Il est rare que le public interrompe un orchestre, surtout un orchestre de qualité comme celui du Staatsoper pour applaudir ...un décor. C'est pourtant ce qui se passe au lever de rideau du deuxième acte lorsque les spectateurs découvrent éblouis l'intérieur viennois du Palais du Sieur de Fanifal, qui est entièrement inspiré de cette folie rococo qu'est le Grand Salon du Pavillon d'Amalienburg, dans les jardins du Château de Nymphenburg. Au premier acte, on était déjà ravi par la chambre à coucher de la Maréchale, elle aussi inspirée par le même Pavillon, dont Jürgen Rose a repris les somptueux motifs des peintures aviaires. Les amours d'Octavian et de la Comtesse Werdenberg se déploient dans les bleus et les ors d'un paradis ornithologique. Et si l'action du livret d'Hugo von Hofmansthal se déroule dans la capitale autrichienne, c'est bien à Munich que l'on se retrouve, la ville natale du compositeur, dans les décors tout aristocratiques dont le décorateur, Jürgen Rose soi-même, a entièrement supervisé la restauration. Pour le plus grand plaisir de l'assistance.

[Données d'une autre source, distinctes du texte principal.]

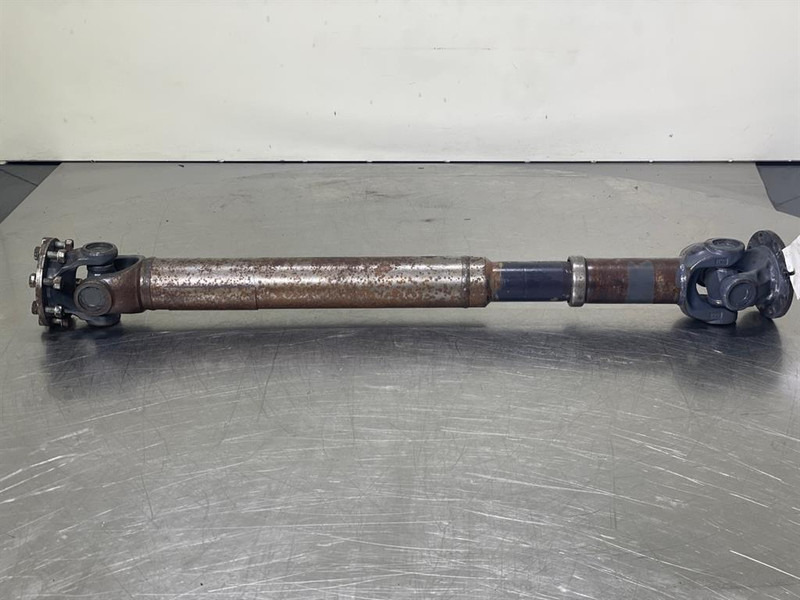 Terex TW150-6063089-Propshaft/Gelenkwelle/Cardanas - Αξονας και ανταλλακτικά για Κατασκευή μηχανήματα: φωτογραφία 5 Terex TW150-6063089-Propshaft/Gelenkwelle/Cardanas - Αξονας και ανταλλακτικά για Κατασκευή μηχανήματα: φωτογραφία 5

La mise en scène d'Otto Schenk séduit les Munichois depuis 1972. Les amateurs de modernité en sont pour leurs frais, mais c'est tant pis pour eux car sans doute n'en a-t-on pas vraiment besoin pour savourer pleinement le Chevalier à la Rose et s'immerger dans l'évocation nostalgique de la Vienne impériale, et s'amuser des travers d'une aristocratie tout imprégnée d'elle même. Les costumes et les décors ont été entièrement rénovés pour cette reprise et contribuent à en assurer le succès.

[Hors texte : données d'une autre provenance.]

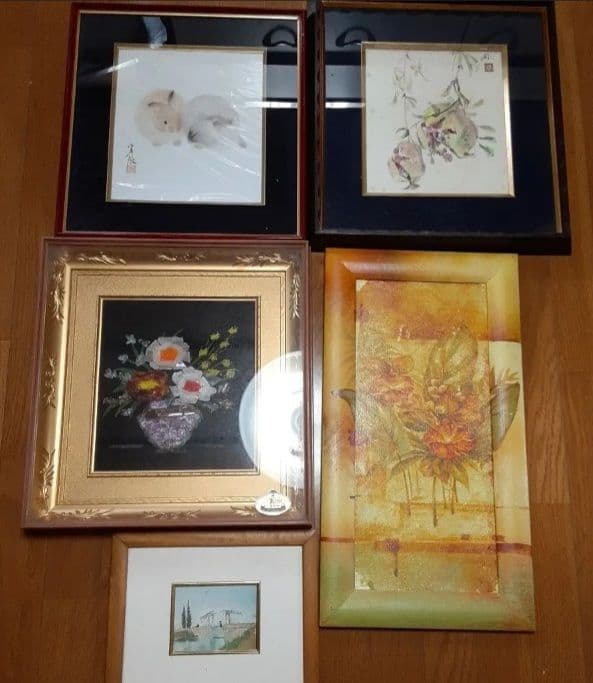 額縁　まとめ売り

Si la mise en scène est immuable, on trouvera son compte de changements tant dans la distribution que dans la direction d'orchestre, confiée au finnois Leif Segerstam, une figure charismatique dont l'apparition dans la fosse est à elle seule tout un spectacle, tant le personnage dégage de puissance inspirée. On se trouve en présence d'un patriarche avec une grande barbe chenue et de longs cheveux blancs qui balayent ses larges épaules. Son entrée est très applaudie, même si d'aucuns discutent sa direction. et la trouvent fade. La carrière du maestro Segerstram est impresionnante, comme l'est la liste prolifique de ses compositions musicales, plus de 200 dit-on. Il donne une lecture inspirée de la partition de Richard Strauss dont il module les ruisselements d'un côté à l'autre de la fosse.

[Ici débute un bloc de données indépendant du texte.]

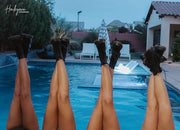 Hydrating Self Tanning Water Spray,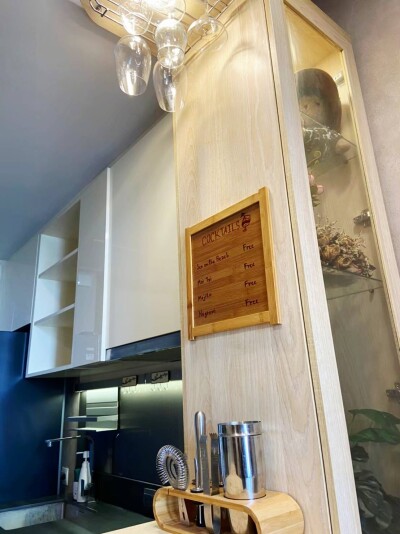 โอกะ เฮ้าส์ สุขุมวิท 36 / Oka Haus Sukhumvit 36-6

Anja Harteros, qui apparaît pour la première fois dans le rôle au Staatsoper, campe une Maréchale convaincante dont la performance vocale et la sensibilité musicale n'ont d'égale que les talents de comédienne: elle sait passer des charmes, de la beauté et de la tendresse d'une femme amoureuse que l'âge tourmente du premier acte à la dignité dramatique de la grande dame magnanime du final. Elle a l'âge et le magnétisme du rôle, Hofmanstahl lui donne moins de 34 ans, le double de l'âge de Quinquin-Octavian qui en a 17.
Face à cette actrice accomplie, l'Octavian de Ruxandra Donose ne sait pas joindre le geste à la parole. La voix est admirable, même si au premier acte elle ne passe pas l'orchestre dans les graves, mais Donose reste femme d'un bout à l'autre de sa prestation, alors qu'il faudrait ici des talents de transformiste pour jouer le double travesti. Ce n'est qu'en présence de Sophie que l'excellente mezzo parvient quelque peu à donner le change, mais on comprend bien l'étonnement grossier et la confusion du Baron Ochs de Lerchenau qui croit avoir la berlue. Certes l'opéra est un art difficile parce qu'il exige des talents variés et complexes, mais on finit par pardonner le ratage du personnage, tant Ruxandra Donose parvient à gagner en ampleur vocale à mesure que l'action avance. L'amour donne des ailes, dit-on, et de passer du libertinage amoureux et des légèretés de l'adultère à l'amour partagé qui conduira au mariage donne du corps et de la substance à la voix. D'autant que le soprano adamantin de l'admirable Sophie de Lucy Crowe séduit d'un bout à l'autre de sa partie. Elle est familière d'un rôle qui a assuré le succès de ses débuts à Glyndebourne puis à Covent Garden . Elle sait exprimer toute la palette des émotions d'une jeune fille de qualité, de la pudeur rougissante à l'excitation, avec des accès d'indignation et la répulsion que lui inspire son fiancé.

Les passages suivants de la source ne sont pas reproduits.